The self-inflicted wounds of Vatican diplomacy
By Phil Lawler ( bio - articles - email ) | Dec 16, 2003
When he made these comments, Cardinal Martino was supposed to be introducing the Pope's message for the World Day of Peace. Instead, reporters got him talking about Saddam Hussein.
What he said was objectively loopy. It's one thing to oppose the death penalty; it's quite another to say that you're treating someone "like a beast" when you give him a physical examination. If the individual in question is a notorious war criminal, this excess of compassion is even more striking. And by any normal standard, Saddam Hussein is living under more humane conditions now, in US custody, than when he was when he spent his time in a burrow-- on his own volition!

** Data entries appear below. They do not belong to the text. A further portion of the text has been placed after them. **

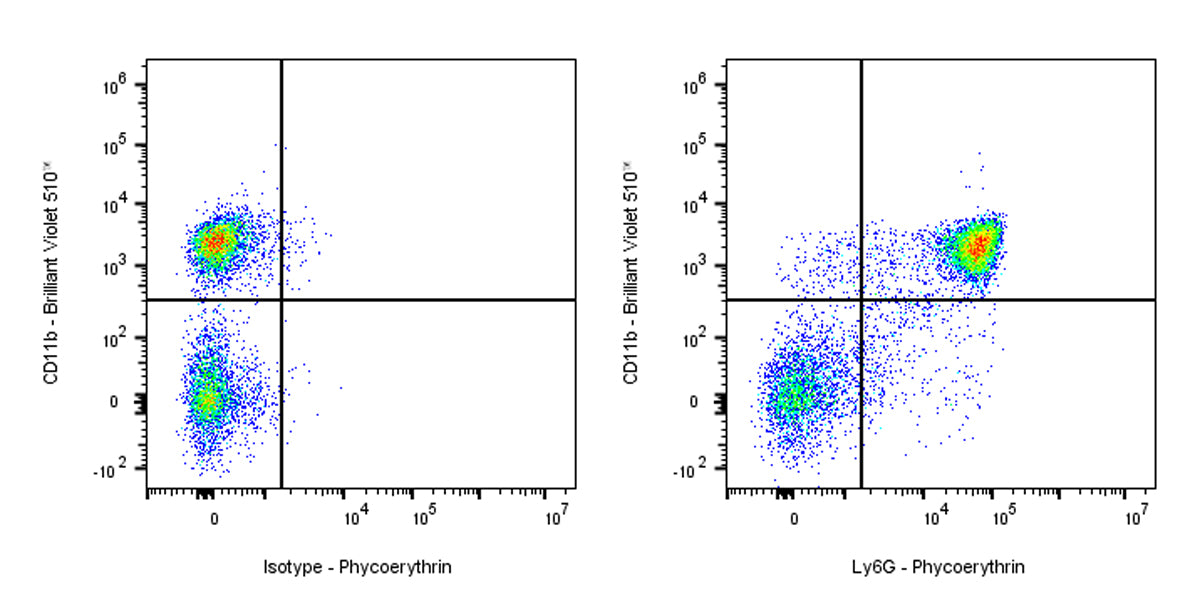 PE Rat Anti-Mouse Ly6G Antibody (1A8)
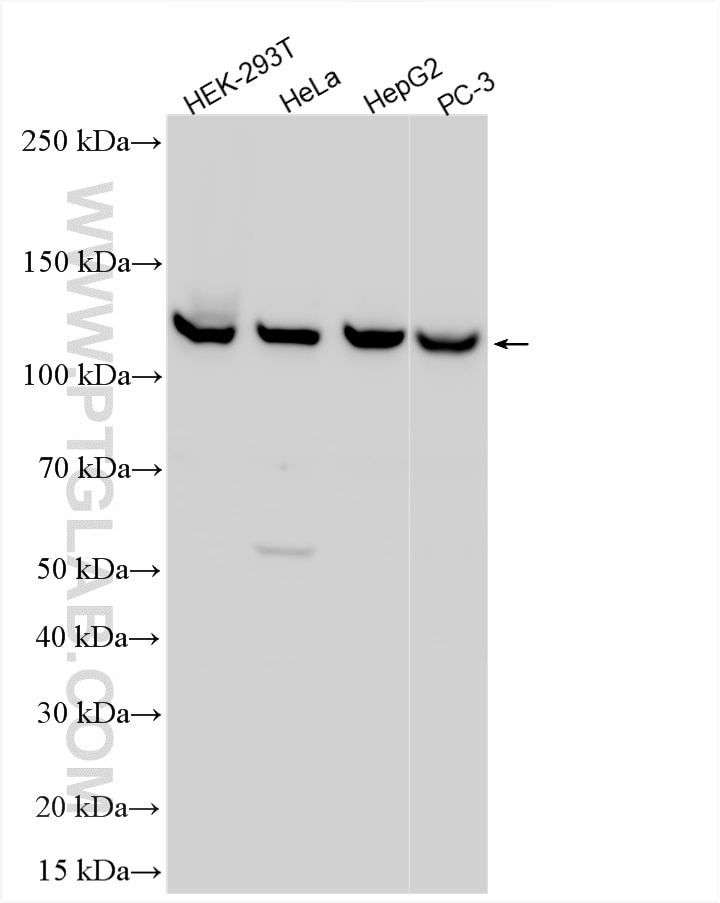 Western Blot (WB) analysis of various lysates using GTF3C2 Polyclonal antibody (27494-1-AP)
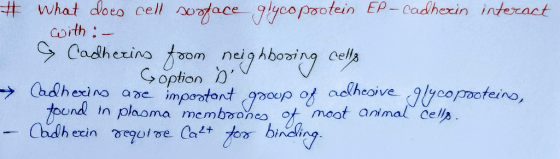 What doe/) cell No,otage. (glycoprotein EP-cadherin interact coith: oin Cell opton h Jco pooter coive und in plaoma membsone
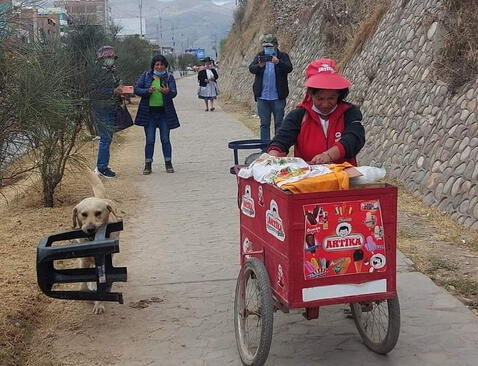 Perro se hizo viral tras ayudar en el trabajo | Foto: Twitter   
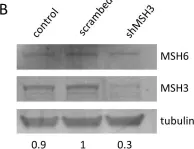 Fig.2.B showing Western Blotting from the publication: MSH3-deficiency initiates EMAST without oncogenic transformation of human colon epithelial cells.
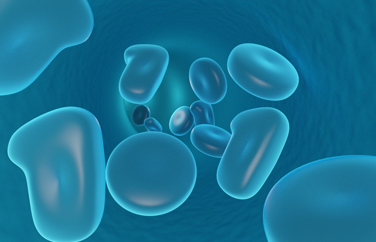 2023 IVB Shenzhen Summit — Focus on Gene & Cell Therapy and Nucleic Acid Drugs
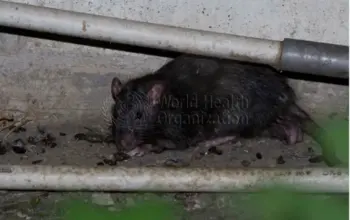 cruise ship hantavirus outbreak — PK news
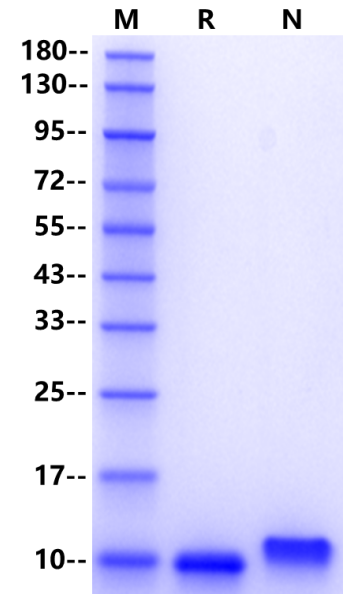CX3CL1 Protein, Mouse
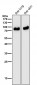 Anti-CD105 Rabbit Monoclonal Antibody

The net effect? In all likelihood, he convinced most observers that Vatican officials are hopelessly out of touch with reality. Based on that perception, people probably won't pay attention to the Pope's message. And of course the message itself was lost in the welter of coverage for Cardinal Martino's outburst, so thousands of people won't even hear about the Pope's message.
(And maybe that's just as well. Frankly, I am at a loss to explain the Pope's enthusiasm for expanding the authority of the UN. But that's another story. )
Cardinal Martino has been the Vatican's most outspoken critic of US policy in this conflict with Iraq. But at this point, his intemperate criticism of the US hurts the Vatican much more than it hurts the White House.